Beginning with the first, material, now
that the photographic evidence has been
reviewed, I would like to introduce the
exhibit which stands beside me here: an
object which could be the Rosetta Stone
of the whole project. [note
1]
What you see is a piece of laminated glass
just over 1.3 m square, weighing some 200
kg, transported here from the centre of
Berlin. Since it arrived here only about
a couple of hours ago, it remains to be
inspected in detail. For now, it is the
trajectory that matters.
This piece of glass was removed, on 3 March
2009, from the middle of Bebelplatz, between
the Staatsoper Unter den Linden and the
former royal library, now the law faculty
of Humboldt University. Thanks to INS agents
and collaborators, the slab was intercepted
before it could be destroyed. It has been
stored in a barn on the outskirts of Berlin
and was brought to London today. This is
the only surviving page from an archive
that has been systematically obliterated.
Let me explain. The glass formed part of
a monument commemorating the burning of
books that took place on the square now
called Bebelplatz, on 10 May 1933. The
monument, entitled Library, takes the form
of a brightly lit, sealed room, below ground
level, without entrance or exit, lined
with empty shelves. In accordance with
minimalist orthodoxy, the interior is painted
white. You can look into the empty room
through a glass window set in the pavement.
The shelves are supposed to have enough
room for about 20,000 volumes, recalling
the number said to have been brought to
the site for the book-burning ceremony.
A bronze plaque with memorial inscriptions
is also set in the pavement, some distance
away.
The
upper surface of the glass is continually
scratched.
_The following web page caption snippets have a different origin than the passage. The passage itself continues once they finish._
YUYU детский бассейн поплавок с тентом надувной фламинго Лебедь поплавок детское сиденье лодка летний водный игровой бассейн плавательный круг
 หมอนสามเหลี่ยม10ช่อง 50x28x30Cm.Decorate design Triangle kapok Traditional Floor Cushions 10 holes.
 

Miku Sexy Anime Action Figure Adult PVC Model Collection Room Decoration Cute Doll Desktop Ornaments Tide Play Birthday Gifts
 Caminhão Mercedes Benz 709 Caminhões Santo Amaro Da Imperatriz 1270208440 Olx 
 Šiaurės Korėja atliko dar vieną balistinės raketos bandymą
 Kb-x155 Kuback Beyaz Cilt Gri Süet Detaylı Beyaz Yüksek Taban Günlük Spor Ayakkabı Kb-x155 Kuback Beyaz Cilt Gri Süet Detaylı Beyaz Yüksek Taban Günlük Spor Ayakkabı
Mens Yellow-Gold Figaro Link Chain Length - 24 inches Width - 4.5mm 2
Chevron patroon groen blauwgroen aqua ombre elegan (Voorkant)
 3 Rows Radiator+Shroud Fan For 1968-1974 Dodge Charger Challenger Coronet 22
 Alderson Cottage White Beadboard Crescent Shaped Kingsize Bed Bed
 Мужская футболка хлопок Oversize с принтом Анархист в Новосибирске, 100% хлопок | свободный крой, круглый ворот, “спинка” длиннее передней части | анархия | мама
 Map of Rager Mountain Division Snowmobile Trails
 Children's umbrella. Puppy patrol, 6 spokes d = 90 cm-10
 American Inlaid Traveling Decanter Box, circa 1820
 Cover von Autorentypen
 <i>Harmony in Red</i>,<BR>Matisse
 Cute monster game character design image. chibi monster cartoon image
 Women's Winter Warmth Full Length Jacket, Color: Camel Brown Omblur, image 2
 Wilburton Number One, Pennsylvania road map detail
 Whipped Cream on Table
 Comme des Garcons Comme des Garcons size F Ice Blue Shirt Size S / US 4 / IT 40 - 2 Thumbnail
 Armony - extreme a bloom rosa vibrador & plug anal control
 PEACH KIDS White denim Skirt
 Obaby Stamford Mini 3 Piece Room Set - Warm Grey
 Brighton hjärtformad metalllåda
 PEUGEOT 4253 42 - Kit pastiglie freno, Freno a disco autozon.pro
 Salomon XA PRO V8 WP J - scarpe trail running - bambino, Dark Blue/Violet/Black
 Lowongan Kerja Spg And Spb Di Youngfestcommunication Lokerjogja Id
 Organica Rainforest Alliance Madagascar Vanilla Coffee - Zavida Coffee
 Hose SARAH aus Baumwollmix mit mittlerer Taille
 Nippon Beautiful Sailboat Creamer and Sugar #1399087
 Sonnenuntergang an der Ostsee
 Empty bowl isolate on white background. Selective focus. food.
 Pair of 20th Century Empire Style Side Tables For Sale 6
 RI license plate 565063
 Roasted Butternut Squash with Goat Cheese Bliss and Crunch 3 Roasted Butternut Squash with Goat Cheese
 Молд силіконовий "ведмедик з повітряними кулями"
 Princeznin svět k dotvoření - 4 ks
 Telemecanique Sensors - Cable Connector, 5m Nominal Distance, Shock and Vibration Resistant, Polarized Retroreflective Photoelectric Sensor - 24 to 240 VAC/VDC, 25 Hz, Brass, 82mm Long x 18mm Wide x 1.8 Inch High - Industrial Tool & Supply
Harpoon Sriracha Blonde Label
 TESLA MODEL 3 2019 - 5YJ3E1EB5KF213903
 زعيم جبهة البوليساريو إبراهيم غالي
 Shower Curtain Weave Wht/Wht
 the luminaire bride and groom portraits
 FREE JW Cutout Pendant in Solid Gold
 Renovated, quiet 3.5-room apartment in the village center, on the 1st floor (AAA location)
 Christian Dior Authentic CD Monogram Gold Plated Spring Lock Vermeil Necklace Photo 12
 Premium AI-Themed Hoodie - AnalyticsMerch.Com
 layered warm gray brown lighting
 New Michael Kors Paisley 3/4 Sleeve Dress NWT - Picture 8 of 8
This unintentional inscription,
which I had noticed during an earlier visit
to Berlin, became the first clue in the
investigation with which I was charged,
namely the identification and inspection
of sites of erasure. There, on Bebelplatz,
I would find the site of erasure par
excellence:
a place dedicated to the destruction of
knowledge — an incident of which,
naturally, no trace remains — and
a surface nonetheless marked.
However,
on returning to the site in the course
of the present investigation, I did
not find all as I expected. Instead,
I found further evidence of erasure, the
repetition and the concealment of erasure.
The prize-winning
monument had made an impressive claim
on the parade-ground qualities of the
square — the qualities that
had once recommended it as the venue for
midnight book burning — but this
brought it into conflict with another desire.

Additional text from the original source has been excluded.